**Exercise details**: With the pictures left out, transcribe exactly the lines from the one with "பெரும்பாறை அருகே மலைப்பாதையில்" through the end of the data.

**Collected material**:

_ _ _

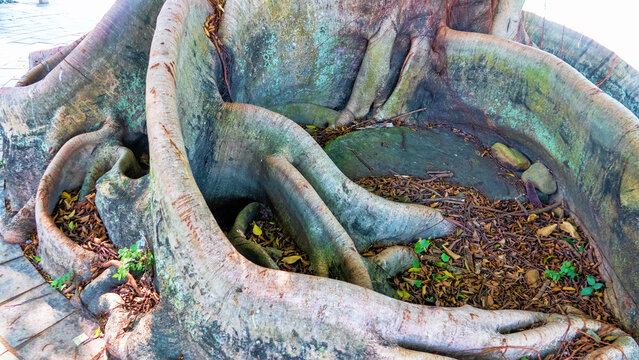 Large ficus. Sacred Banyan tree in Hon Kong (animism). The tabular roots of the old banyan tree's support resemble snakes.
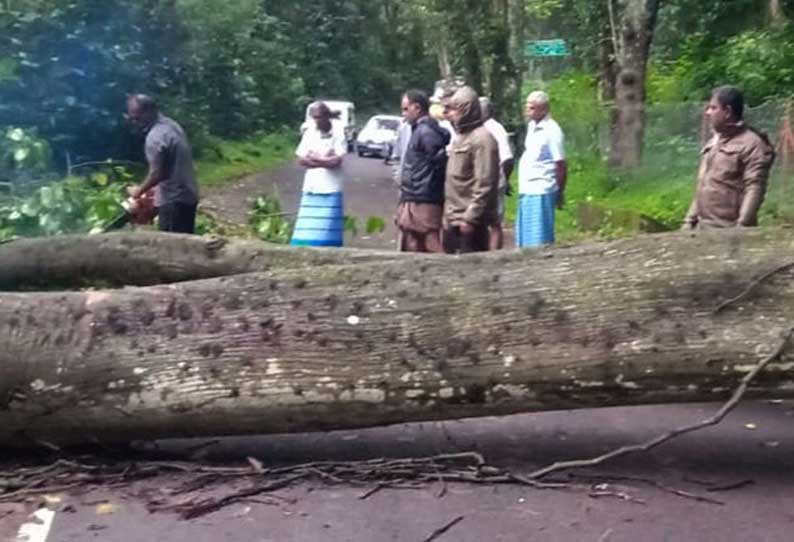 பெரும்பாறை அருகே மலைப்பாதையில் சாய்ந்து விழுந்த மரம்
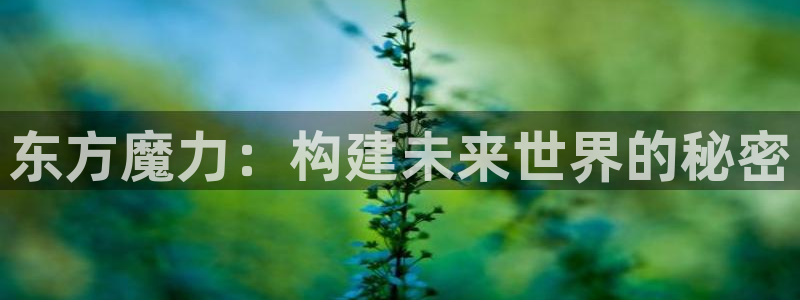扶她里番动漫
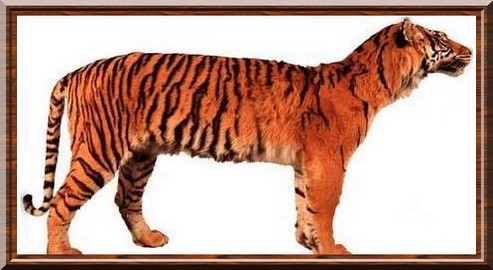 panthera-tigris-sondaica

_ _ _

**The answer**:
 பெரும்பாறை அருகே மலைப்பாதையில் சாய்ந்து விழுந்த மரம்
扶她里番动漫
 panthera-tigris-sondaica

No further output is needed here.